Too much at stake for Pinellas County’s $43.9 million bus rapid transit project to fail

And more key numbers in the news this week.
A Greater Cleveland Regional Transit Authority bus makes a stop on its bus rapid transit line, one of the highest rated in the country. There are plans for a bus rapid transit line in Pinellas County. Courtesy of the Greater Cleveland Regional Transit
A Greater Cleveland Regional Transit Authority bus makes a stop on its bus rapid transit line, one of the highest rated in the country. There are plans for a bus rapid transit line in Pinellas County. Courtesy of the Greater Cleveland Regional Transit
Published June 14
Updated June 14

A few numbers caught my eye this week:

$43.9 million

That’s the updated cost of the proposed bus rapid transit line from downtown St. Petersburg to the beaches.

The idea is to whisk riders along a 10-mile route, following First Avenues N and S, Pasadena Avenue and Gulf Boulevard. The buses would get their own lane for about 6 ½ miles.

Not everyone’s onboard. St. Pete Beach commissioners balked at running the route along Gulf Boulevard and worried about the size of the buses. In St. Petersburg, questions remain about the merit of removing a car lane and parking spots to provide a faster route for the buses.

More than nearly $44 million is at stake. This would be the Tampa Bay area’s first bus rapid transit line. If we want more of them, this one needs to be done right. Even the perception of failure will provide fodder for transit skeptics to oppose similar proposals for surface streets in Tampa and the 41-mile route along Interstate 275 from Wesley Chapel to St. Petersburg.

MORE BUSINESS: Florida’s 50 highest paid CEOs.

Bus rapid transit needs to live up to its middle name — speed is essential. Too many stops, planned or otherwise, defeat the purpose. The route also needs to access areas that help build ridership. City and county leaders need to think carefully about St. Pete Beach commissioners’ desire to end the line at 75th Avenue, instead of running it south on Gulf Boulevard. Such a move could doom the project if it severely limits ridership.

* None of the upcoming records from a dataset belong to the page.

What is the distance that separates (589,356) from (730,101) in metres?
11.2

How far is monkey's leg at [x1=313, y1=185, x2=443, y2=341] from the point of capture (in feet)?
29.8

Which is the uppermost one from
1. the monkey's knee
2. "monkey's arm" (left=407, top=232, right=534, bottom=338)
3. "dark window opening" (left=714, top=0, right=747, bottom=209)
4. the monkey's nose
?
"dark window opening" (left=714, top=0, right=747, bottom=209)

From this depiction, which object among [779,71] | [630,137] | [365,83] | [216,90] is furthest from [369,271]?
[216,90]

There’s much to watch on this project. And a lot on the line.

• • •

27 percent

Weekly mortgage applications across the country rose by that much last week, as loan rates hit a nearly two-year low.

Refinancings led the way, jumping an eye-popping 47 percent, compared to a week earlier. They nearly doubled from the same week last year, according to the Mortgage Bankers Association.

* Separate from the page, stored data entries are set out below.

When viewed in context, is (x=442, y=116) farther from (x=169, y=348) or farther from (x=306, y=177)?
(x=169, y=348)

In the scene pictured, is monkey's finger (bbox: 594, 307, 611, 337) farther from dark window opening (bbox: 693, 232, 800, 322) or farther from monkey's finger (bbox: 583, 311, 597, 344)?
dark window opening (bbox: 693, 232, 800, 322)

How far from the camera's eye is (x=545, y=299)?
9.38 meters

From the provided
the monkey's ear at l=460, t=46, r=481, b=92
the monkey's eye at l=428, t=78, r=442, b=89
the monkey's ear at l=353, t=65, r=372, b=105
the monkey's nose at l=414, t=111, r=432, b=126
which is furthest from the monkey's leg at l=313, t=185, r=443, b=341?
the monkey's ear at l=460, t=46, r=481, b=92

Refinancing generally puts more money into homeowners’ pockets, which can boost spending. Here’s the catch: The rates for all loan types fell thanks to trade tensions with China and Mexico, weak job hiring in May and indications that Federal Reserve Board officials are more bearish on the economy, said Joel Kan, an associate vice president for the association. In other words, homeowners were taking advantage of a shaky economy.

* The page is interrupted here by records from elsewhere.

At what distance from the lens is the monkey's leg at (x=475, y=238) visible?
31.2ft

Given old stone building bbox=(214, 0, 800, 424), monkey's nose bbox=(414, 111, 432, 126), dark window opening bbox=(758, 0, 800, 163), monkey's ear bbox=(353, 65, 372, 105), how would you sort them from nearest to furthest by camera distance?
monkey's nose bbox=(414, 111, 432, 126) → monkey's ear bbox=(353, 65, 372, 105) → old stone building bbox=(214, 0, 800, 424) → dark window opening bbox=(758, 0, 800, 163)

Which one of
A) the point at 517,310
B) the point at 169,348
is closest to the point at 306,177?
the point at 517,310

The average interest rate on a 30-year mortgage backed by the Federal Housing Authority fell to 4.09 percent, down from close to 5 percent in November. The lower rate would save homeowners more than $100 a month on a $200,000 mortgage.

The cautious economic outlook has kept would-be home buyers from embracing the low rates as much as homeowners. After all, buying a home is a much bigger financial step than refinancing an existing mortgage. It doesn’t help that the supply of homes affordable for first-time buyers remains tight.

Applications to purchase a home were stagnant for weeks, despite decreasing rates. They finally rose 10 percent last week.

• • •

3

Just three of the state’s nine major job sectors have improved at a faster rate than the overall market since the start of 2010.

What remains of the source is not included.